What gets me excited is the sixty years of old shows that make up television’s back catalog. Stuff I haven’t seen in years. Stuff I never saw in the first place. Stuff that used to be on in the wee hours, back before the invention of the infomericial. Stuff that never came out on VHS or DVD, because nobody thought enough people would buy it to make producing tens of thousands of copies a rational business decision. Stuff that’s good, weird, interesting, important, or any combination thereof.

Movies have the same problem: Two of my favorites, The Wrong Box and Movie Movie, are still no-shows on DVD. With optical media in decline, I kind of assume they’ll never get here in a form I can buy and stick on a bookshelf.

(Then again, some long-lost items do make it onto disc eventually, which is part of why I don’t expect to unhook my DVD player anytime soon: I just bought Ellery Queen, a box set which I feel like I’ve been waiting for ever since the show went off the air. In 1976.)

On the Internet, most of the economic argument against making old content available go away. It’s way less of a gamble to stick some video on a server than it is to mass-produce discs and ship them out to every Best Buy in the country. On the Web, if anyone wants to find an old movie or show, they will find it–and it won’t be competing for shelf space with other, more easily monetizable products. And I suspect people who have been searching for an obscure piece of content for years would be willing to pay at least a few bucks for it.

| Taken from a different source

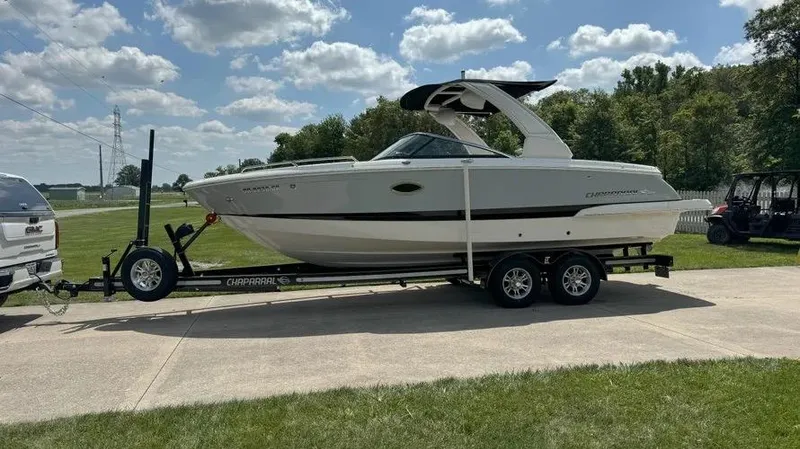 Slide: The Image of 2019 Chaparral 257 SSX boat on trailer, parked outdoors under a partly cloudy sky. - 10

I’m sure I’m not alone in fantasizing about a future in which nearly any program ever produced is just a few clicks of a remote control away. Yet shockingly little of TV’s heritage is available online in authorized form. (Much of it, of course, is readily available on YouTube in chopped up, blurry, questionable versions.) I remain optimistic that copyright holders will figure out there’s money to be made here. I’m just not sure how long it’ll take.

Bottom line: I don’t care if American Idol ever makes its way to Hulu…but I’m delighted that The Amazing World of Kreskin is there already. May it be joined by a few hundred thousand hours of other classics, forgotten gems, and oddities, before all the master tapes rot away.